Work order.
From the records below, please print only the lines from the one containing "Analytical Techniques in" through the one containing "voorwaarde voor continuiteit?", both included. Skip the pictures.

───── Working data

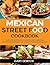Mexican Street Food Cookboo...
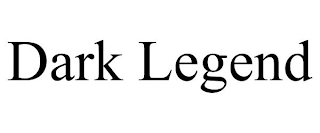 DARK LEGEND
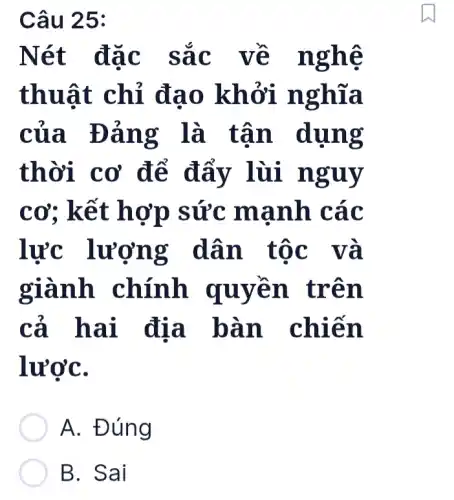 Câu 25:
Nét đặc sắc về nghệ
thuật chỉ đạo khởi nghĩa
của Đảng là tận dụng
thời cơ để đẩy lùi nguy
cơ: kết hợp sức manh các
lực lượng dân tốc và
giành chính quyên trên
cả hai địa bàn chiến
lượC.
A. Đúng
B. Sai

──────────
───── Working data

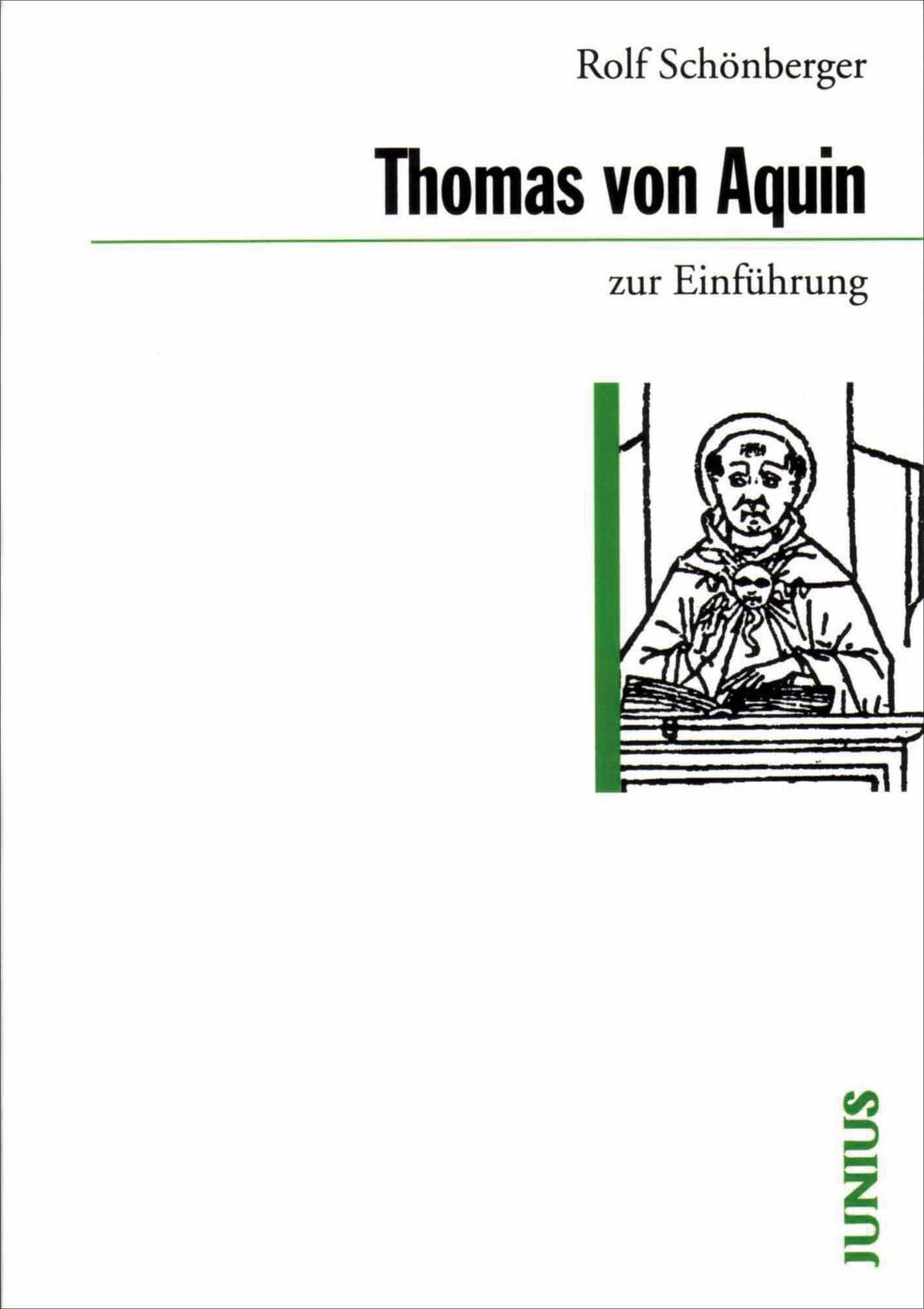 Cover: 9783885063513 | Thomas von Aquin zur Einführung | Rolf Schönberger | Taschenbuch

──────────
───── Working data

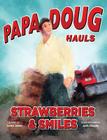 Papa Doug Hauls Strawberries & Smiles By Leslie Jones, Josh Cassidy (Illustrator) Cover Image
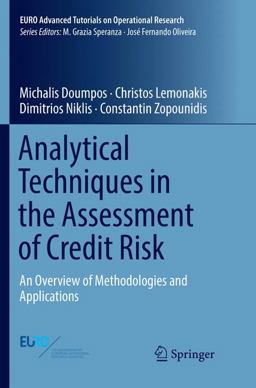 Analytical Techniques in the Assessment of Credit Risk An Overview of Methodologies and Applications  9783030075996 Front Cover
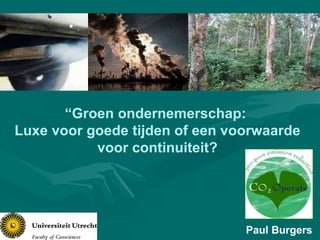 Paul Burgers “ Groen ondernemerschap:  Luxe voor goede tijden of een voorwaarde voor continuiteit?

──────────

Expected answer.
 Analytical Techniques in the Assessment of Credit Risk An Overview of Methodologies and Applications  9783030075996 Front Cover
 Paul Burgers “ Groen ondernemerschap:  Luxe voor goede tijden of een voorwaarde voor continuiteit?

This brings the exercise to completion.